# Women's Hair Loss > Women's Hair Loss Treatments >  women's quest

## elena

Hi i'm new on this site, however been suffering with hair loss of almost 9 years, therefore i was put on Diane 35, worked well, so well i thought i could get off it, i will be 40 this year. Mid august started using hairmax laser comb, and Diane 35 at the same time, wanted to get off Diane if i saw results with the laser comb. The results are that i've been shedding soo much since laser comb, to be exact 3 months, and does not seem to stop. I had some blood test my thyroid is ok my ferritin 20, therefore been on iron pills. My questions are  

1. Is it normal that hairmax laser comb could cause soo much shedding and if so, when could i get to see some results and see shedding stop?
2. I want to start minoxidil but very scared it will cause more shedding?
3. Are you aware of a good dermatologist in Italy?
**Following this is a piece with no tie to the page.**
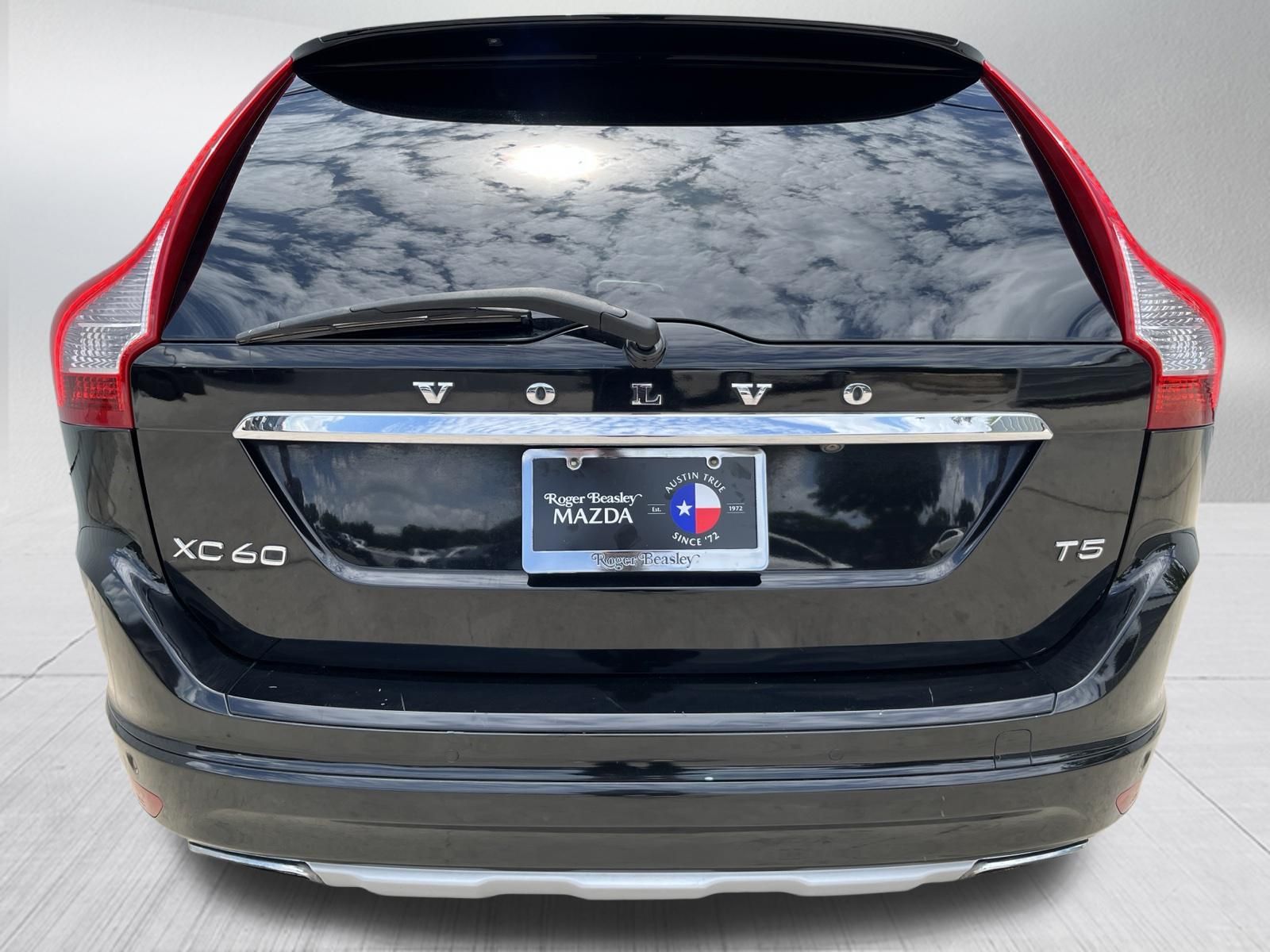 Used Car 2016 Volvo Xc60  T5 Drive-e Premier For Sale Under $12,000 In Austin, Texas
That is were i'm residing at the moment That is not dr Antonella Tosti HORRIBLE DOCTOR AND STAFF

----------


## saniaa83

Androgenetic Alopecia, also know as hereditary hair loss is a condition that affects an estimated 50 million men in the United States alone. The HairMax LaserComb is a low level laser medical device designed to treat this condition via the science of photobio stimulation. The HairMax LaserComb is a proven hair loss solution and is the first and only home use device cleared by the FDA for the promotion of Hair Growth.*

With regular use, users can expect to see the growth of thicker, fuller hair in as little as 12 weeks. Best of all, users can achieve fuller, thicker hair, without a prescription and in the comfort of their own home. The HairMax is a stand alone hair loss treatment with no recurring costs and its precision lasers have a lifespan of 10 to 15 years. The lasers in the LaserComb are what promotes the hair growth, and no other creams, gels or surgery are necessary for exceptional results.

----------


## Valerie

Hi- I used HairMax's Laser Comb and personally stopped shedding at 3 weeks.  I think it worked for me.  But I switched to iGrow.  It has been working just as well - but better since it is easier to use and my hand doesn't get tired.

Good Luck  :Smile:

----------


## 35YrsAfter

> Hi i'm new on this site, however been suffering with hair loss of almost 9 years, therefore i was put on Diane 35, worked well, so well i thought i could get off it, i will be 40 this year. Mid august started using hairmax laser comb, and Diane 35 at the same time, wanted to get off Diane if i saw results with the laser comb. The results are that i've been shedding soo much since laser comb, to be exact 3 months, and does not seem to stop. I had some blood test my thyroid is ok my ferritin 20, therefore been on iron pills. My questions are  
> 
> 1. Is it normal that hairmax laser comb could cause soo much shedding and if so, when could i get to see some results and see shedding stop?
> 2. I want to start minoxidil but very scared it will cause more shedding?
> 3. Are you aware of a good dermatologist in Italy? That is were i'm residing at the moment That is not dr Antonella Tosti HORRIBLE DOCTOR AND STAFF


 Hi Elena:
Have you seen a dermatologist?  Dr. Cole wrote an article on Women's hair loss available on our forhair.com website.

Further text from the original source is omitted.